Eine klassische Anzughose ist eine sichere Wahl – muss aber keineswegs schwarz sein. Grau, Blau oder sogar Grün funktionieren genauso gut. Schließlich verschwinden die Beine bei Terminen ohnehin meistens unter dem Tisch. Ein langer Rock ist ebenfalls völlig in Ordnung, nur fehlt mir da die persönliche Erfahrung – ich bin ein absoluter Hosenmensch.

Schuhe – Hauptsache sauber

Loafer sind immer eine gute Idee. Ebenso gediegene Absätze oder schlichte, saubere Sneaker. Wichtig ist weniger die Form als vielmehr, dass die Schuhe gepflegt aussehen.
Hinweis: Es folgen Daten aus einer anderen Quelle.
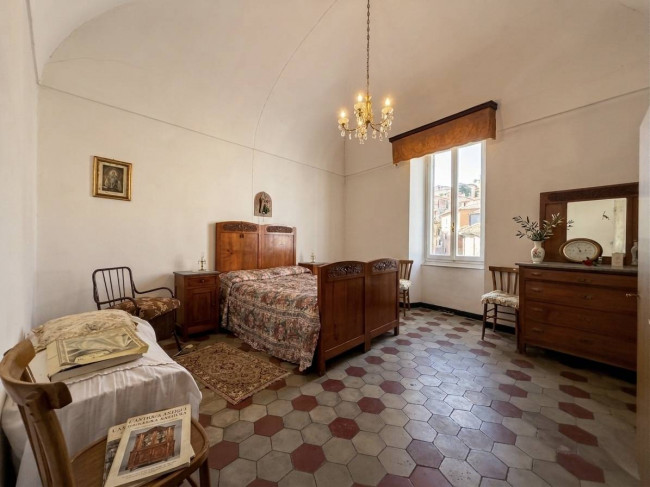 Casale in vendita a Toirano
Fazit: Wohlfühlen schlägt Etikette

„Kleider machen Leute“ – aber zum Glück längst nicht mehr im gleichen Ausmaß wie vor 20 Jahren. Wer einmal RichterInnen außerhalb des Verhandlungssaals beobachtet, wird überrascht sein, wie schlicht und alltagsnah deren Outfits ausfallen. Hosenanzüge sieht man fast nie, auch vollständige Anzüge bei den männlichen Kollegen sind selten.

Fragt die RichterInnen und AusbilderInnen ruhig nach ihren Erwartungen – das kann helfen, die morgendliche Outfit-Qual deutlich zu verringern. Vor meinem ersten AG-Termin habe ich mir auch viele Gedanken über den richtigen Auftritt gemacht. Im Nachhinein kann ich sagen: völlig unnötig. Es gilt: Come as you are. Solange man die grundlegenden Gepflogenheiten respektiert, spielt die Kleidung im juristischen Alltag eine untergeordnete Rolle.